Faire une sculpture dans la «Terra de Barrosão» revient donc à collaborer étroitement avec la nature, comme le font les habitants de cette région depuis des millénaires. J‘ai trouvé la pierre pour ma sculpture après avoir remonté un lit de rivière pendant des heures, en cherchant une forme et des couleurs inspirantes. Réaliser la sculpture n‘était finalement que relever ce que la pierre cachait déjà en elle. A beaucoup d‘endroits, je ne l‘ai même pas touché avec le burin. Je n‘ai pas non plus cherché à faire une tête de bête (si cela y resssemble): c‘est ce qui est ressorti en travaillant.
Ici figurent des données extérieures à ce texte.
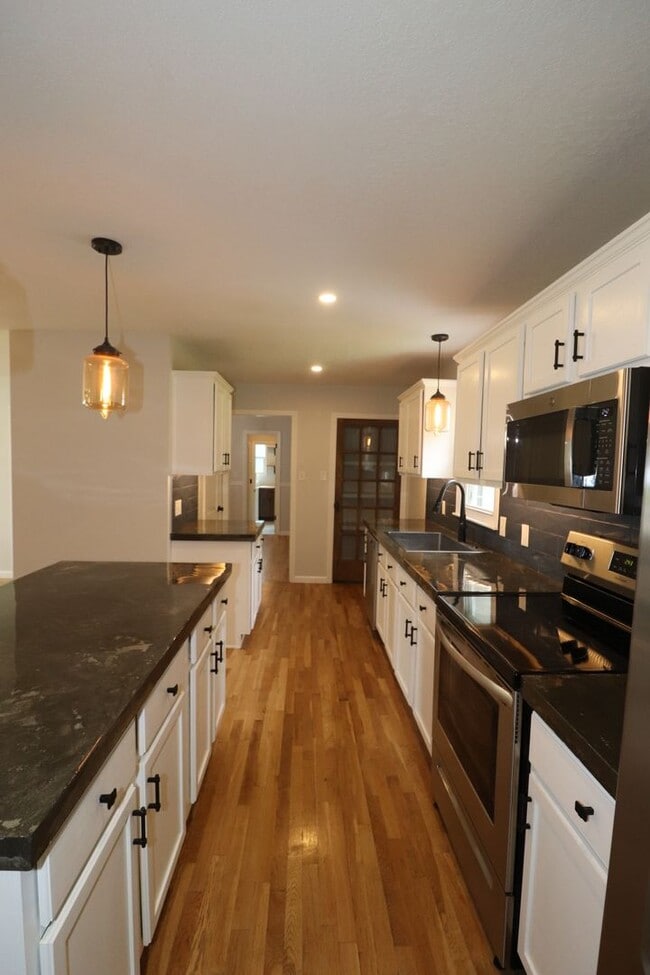 Building Photo - Gorgeous Home for Rent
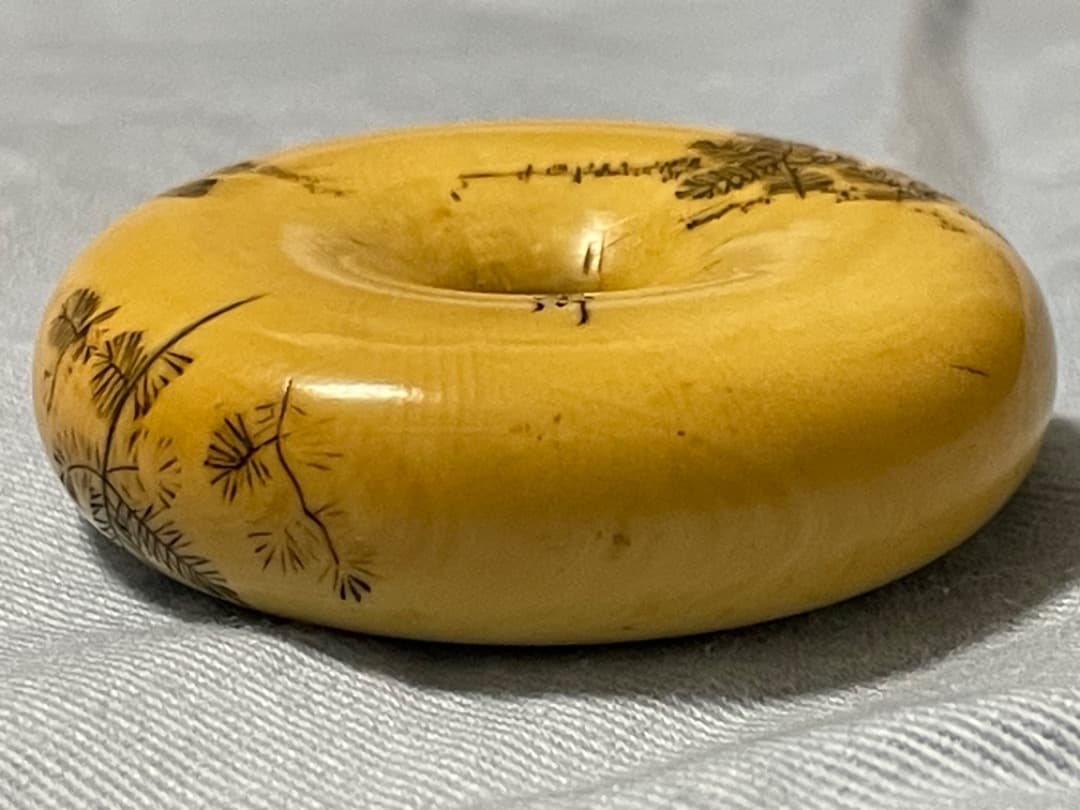 饅頭　根付　時代あり　おかめ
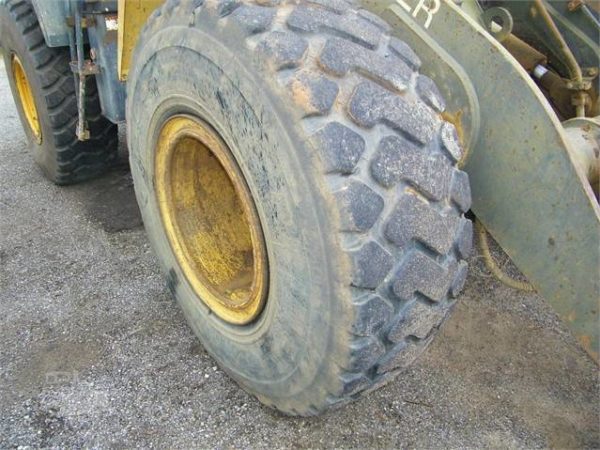 Komatsu WA250 Wheel Loader - Image 9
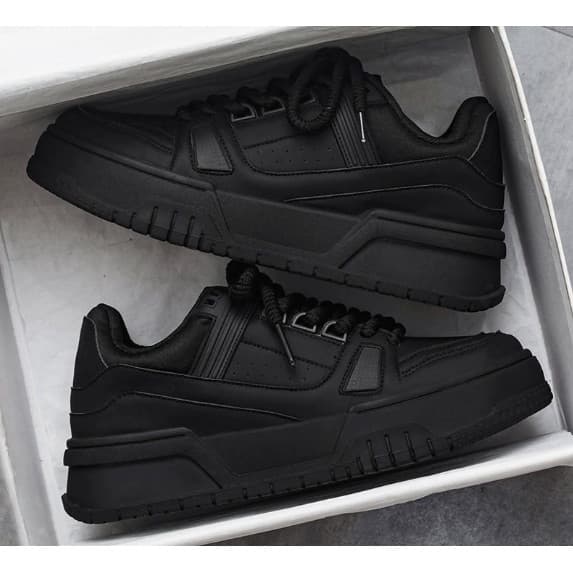 Sapatos masculinos, novos tênis brancos respiráveis de outono, design exclusivo, tênis esportivos versáteis para jovens,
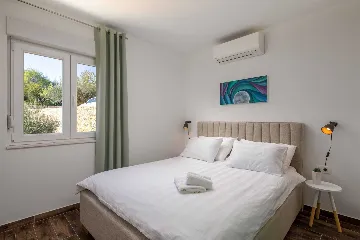 Modern Villa with Heated Pool in Kaštel Sućurac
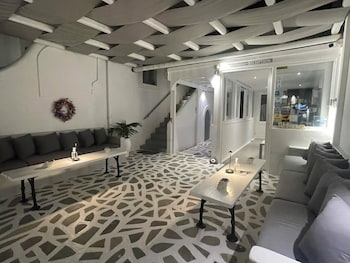 zoumis residence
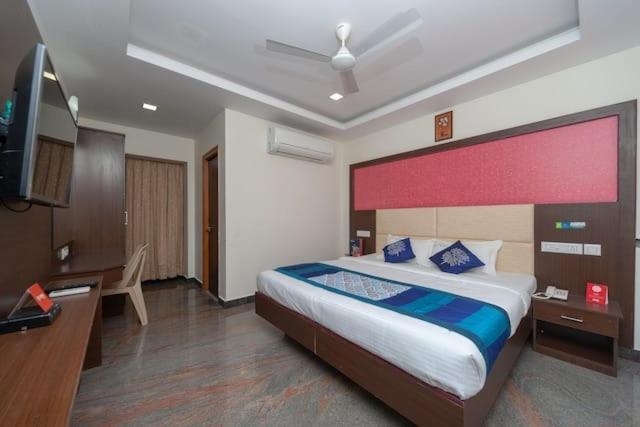 Hotel Famous Residency à Tiruchirappalli Extérieur photo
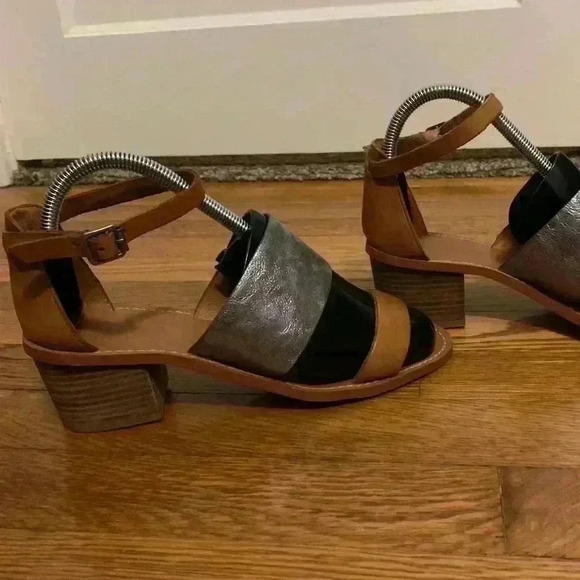 Madewell The Warren Silver and Tan Sandals festival, boho, Womens Size 7.5 - Picture 2 of 10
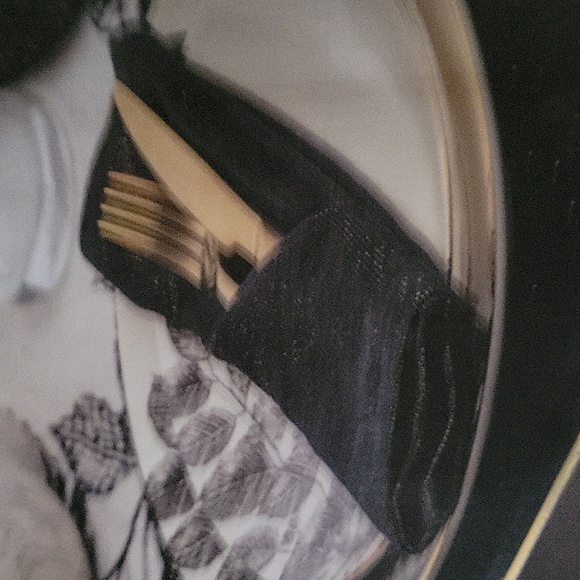 Placemat & Napkin Set - Picture 3 of 8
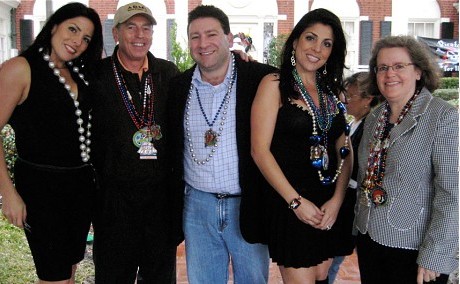 彼得雷烏斯“小四”深陷巨額債務 “小三”之父為女喊冤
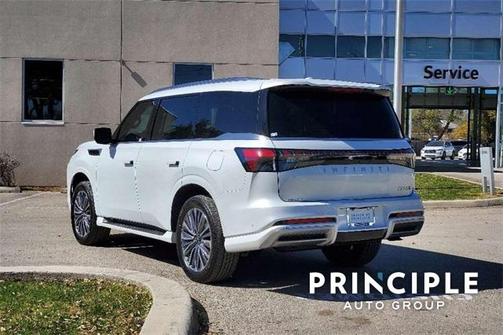 2025 INFINITI QX80 Luxe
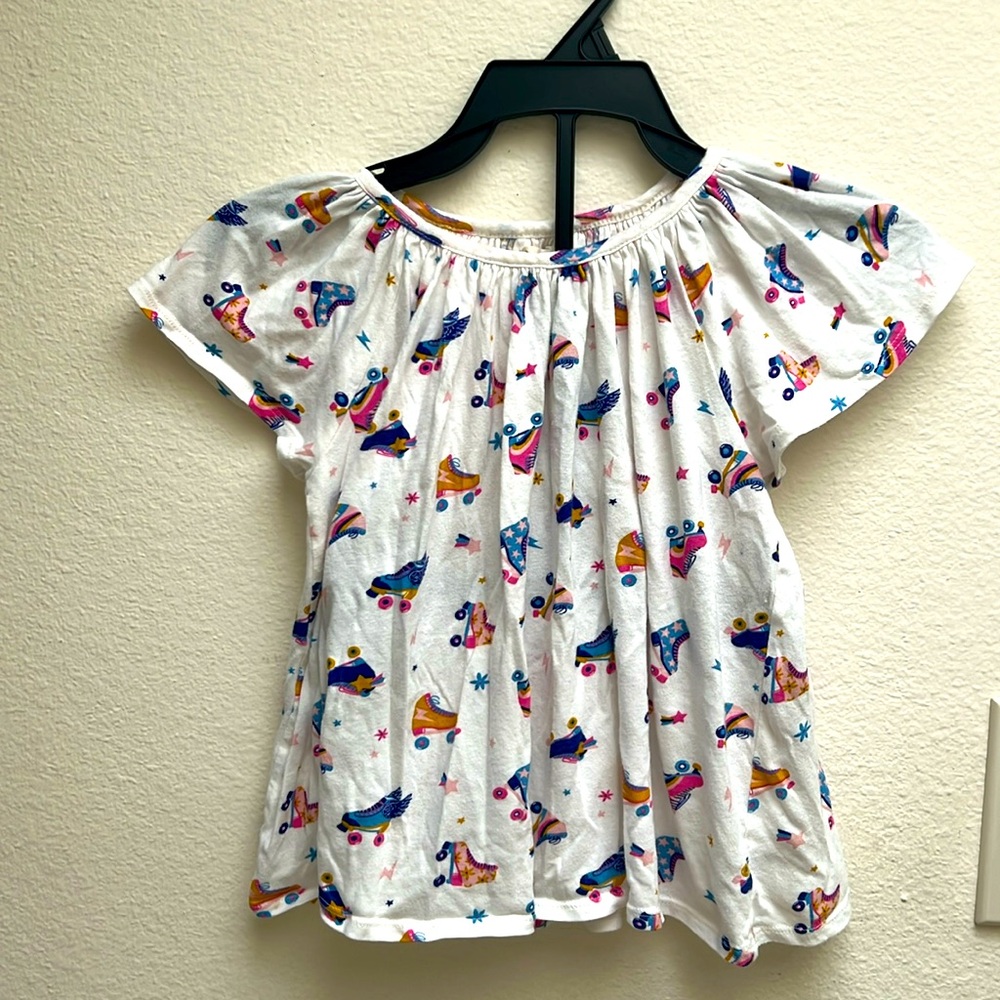 Tucker Tate rollerskate shirt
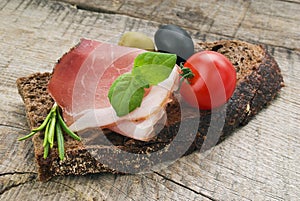 Bread with sliced pork ham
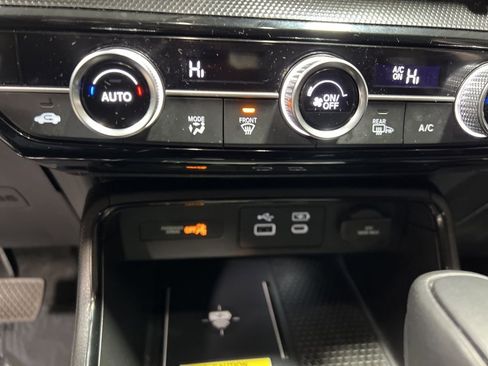 Used 2025 Honda CR-V EX-L image 30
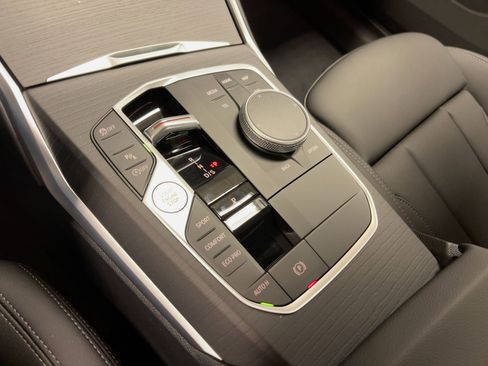 New 2026 BMW 330i Sedan w/ Convenience Package RWD image 26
Le matin, à l‘heure où je commençais ma journée de sculpteur dans le jardin d‘une maison louée pour l'été au milieu d‘un village perdu dans les montagnes, les bergers sortaient leur troupeaux de vaches et de chèvres pour les amener aux pâturages. L‘effort quotidien pour «organiser» la nature et en tirer les produits qui les font vivre faisait me sentir solidaire avec ces hommes et ces femmes aux visages marqués par l‘intempérie. J‘avais l‘impression qu‘en travaillant ma sculpture, j‘étais moi aussi proche de l‘origine de quelque chose, d‘un lien intime et profond avec la terre qui doit exercer son influence partout, même là où la civilisation semble envelopper l‘homme d‘une couche épaisse pour le protéger de des aléas de la nature.